Genome-wide association studies (GWAS) help identify polymorphic sites or genes linked to phenotypic variance, but a few identified genes and/or single nucleotide polymorphisms (SNPs) are unlikely to explain a large part of the phenotypic variability of complex traits. In this study, the focus was moved from single loci to functional units, expressed by the metabolic pathways as defined in the Kyoto Encyclopaedia of Genes and Genomes (KEGG) database.

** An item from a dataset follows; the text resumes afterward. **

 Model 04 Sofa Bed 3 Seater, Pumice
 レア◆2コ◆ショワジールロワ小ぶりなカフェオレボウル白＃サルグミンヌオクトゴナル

Consequently, the aim of this study was to estimate KEGG effects on stature in three Nordic dairy cattle breeds using SNP effects from GWAS as the dependent variable. The SNPs were annotated to genes, then the genes to KEGG pathways. The effects of KEGG pathways were estimated separately for each breed using a mixed linear model incorporating the similarity between pathways expressed by common genes. The KEGG pathway D-amino acid metabolism (map00473) was estimated to be significant for stature in two of the analysed breeds and revealed a borderline significance in the third breed. Thus, we demonstrate that the approach to statistical modelling of higher order functional effects on complex traits is useful, and provides evidence of the importance of D-amino acids for growth in cattle.

Background

Genome-wide association studies (GWAS) are very useful for the identification of polymorphic sites, typically single nucleotide polymorphisms (SNPs), or sometimes of genes associated with a phenotypic variation or with a disease. Today, the common availability of SNPs obtained based on whole-genome sequencing allows for a very good resolution of the estimation of those associations. However, in the context of phenotypes that show a complex mode of inheritance, a few genes and/or SNPs are not expected to be sufficient to explain the variability on a phenotypic level. As a consequence, in many cases, it is possible to identify loci with a very large effect on the phenotypic variation, but still, a predominant proportion of this variation remains unexplained [1], since it is often due to a combined effect of many loci, each with a moderate or small impact. Therefore, in our study, we moved the focus from a single locus to functional units, here expressed by the metabolic pathways defined by the Kyoto Encyclopaedia of Genes and Genomes (KEGG) database. This approach allows us to better understand the physiological mechanisms that underlie complex phenotypes. In the literature, the estimation of the effects of pathways has mainly been applied to gene expression data, but rarely in the GWAS context (see e.g. [2]). In this study, we used SNP summary statistics originating from the GWAS conducted for stature and based on whole-genome sequence data of three Nordic dairy cattle breeds. To our knowledge, this methodological approach proposes a new model, that is statistically most similar, albeit not equivalent, to the analysis described by [3].

Methods

The analysed data comprised SNP summary statistics from GWAS performed on 5062 Danish Holstein bulls, 924 Danish Red Dairy Cattle bulls, and 2122 Finnish Red Dairy Cattle bulls [4]. The association was calculated for 25.4 million variants that were imputed with Minimac2 [5] from 630,000 SNPs using the 1000 Bull Genomes reference population from Run4, consisting of 1147 individuals. SNP additive effects were estimated for deregressed estimated breeding values (EBV) for stature. These were used as pseudophenotypes, separately for each breed, with a single SNP mixed linear model including an additive polygenic effect with a covariance described by a genomic relationship matrix. The model was implemented via the EMMAX software [6].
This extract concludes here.